The famously adventurous American Repertory Theatre is soon to be taken over by a woman who spent her summer directing . . . the vintage Broadway hits Kiss Me, Kate and Hair? Meanwhile, across the river, the reins of the relatively staid Huntington Theatre Company are in the hands of a guy whose first directing job was with a guerrilla troupe occupying a squat in Prague — an abandoned Salvation Army Center that he and a band of burglarizing thespians broke into and turned into a theater? In light of these facts, the change in artistic directorship at the area’s largest regional theaters sounds less like a changing of the guard than an episode of Trading Spaces.
But there is more to Hair helmer Diane Paulus and lock-picker Peter DuBois than the biographical data above. The 42-year-old Paulus, who begins her tenure at ART in October, is a Harvard grad with directing credits as diverse as opera and The Donkey Show, the latter a ’70s-disco riff on A Midsummer Night’s Dream that ran for six years off-Broadway. DuBois, 38, comes to the Huntington from New York’s Public Theater, where he was first an associate producer and then a resident director. Before that, he was for five years artistic director of Alaska’s Perseverance Theatre, a midsize regional company that during his tenure grew to be the state’s largest-arts-producing organization. Both of these hires represent an infusion not just of new blood but of still-pulsing hormones: Paulus replaces a 60 year old who five years earlier supplanted a 75 year old. DuBois takes over from a 70 year old. In an age of graying theater audiences, this is a good thing.
DuBois joined the Huntington this past December as artistic director elect and replaced outgoing honcho Nicholas Martin full-time in July. His stint as AD-in-waiting was, as he characterizes it, “fast and furious,” with the planning of his first season interspersed with freelance directing gigs that included Gina Gionfriddo’s Becky Shaw for Actors Theatre of Louisville’s Humana Festival of New American Plays and a restructured version of Sam Shepard’s The Curse of the Starving Class for San Francisco’s American Conservatory Theatre. Paulus, who succeeds the abruptly departed Robert Woodruff, will not put her imprimatur on a season until 2009–’10. As she sets about hatching it, she fulfills commitments to direct Mozart’s La clemenza di Tito for Chicago Opera Theater and Death and the Powers — with music by MIT’s Tod Machover, libretto by BU’s Robert Pinsky, and story by her writer-husband, Randy Weiner — at the Grimaldi Forum in Monte Carlo. Now both Paulus and DuBois will be turning in their passports to put down roots in Boston.
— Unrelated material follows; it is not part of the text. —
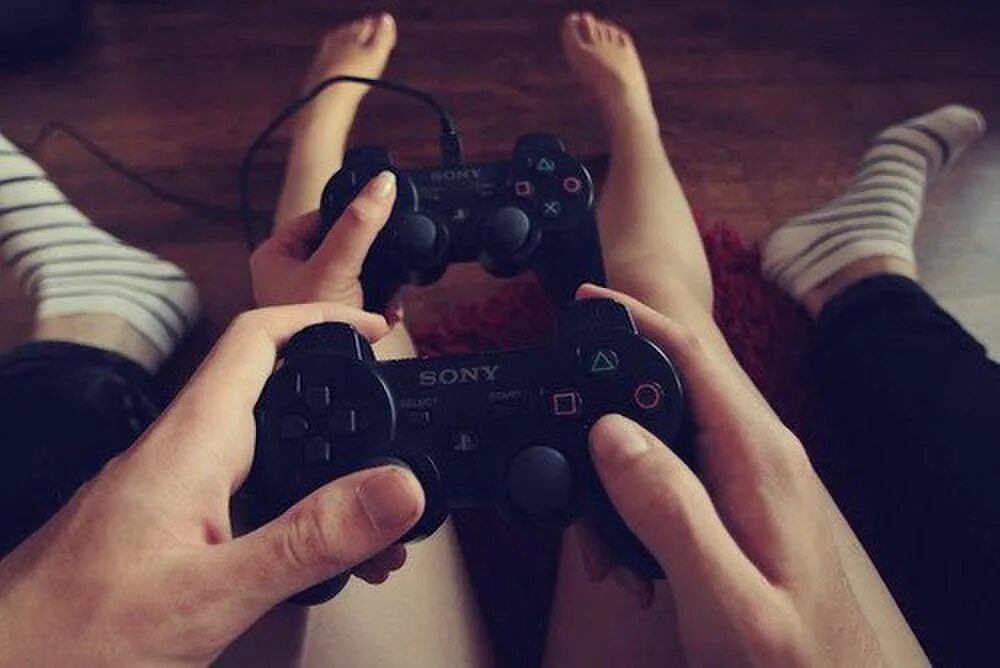 Друзья играют в ps4. Парень и девушка играют. парень и левушка играют. пара играет. поиграть в приставку.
Though they’ll soon be dueling for Boston’s greasepaint dollars, DuBois and Paulus were colleagues in New York: among his duties at the Public was to sign her for the 2007 concert staging of Hair that this summer morphed into an acclaimed and wildly popular production of “America’s Tribal Love-Rock Musical” at the Delacorte Theater in Central Park. And Hair, says the Public’s artistic director, Oskar Eustis, “is kind of a model of what’s special about Diane. She is something rare: a genuine experimentalist, a real downtown girl, who is also a populist.”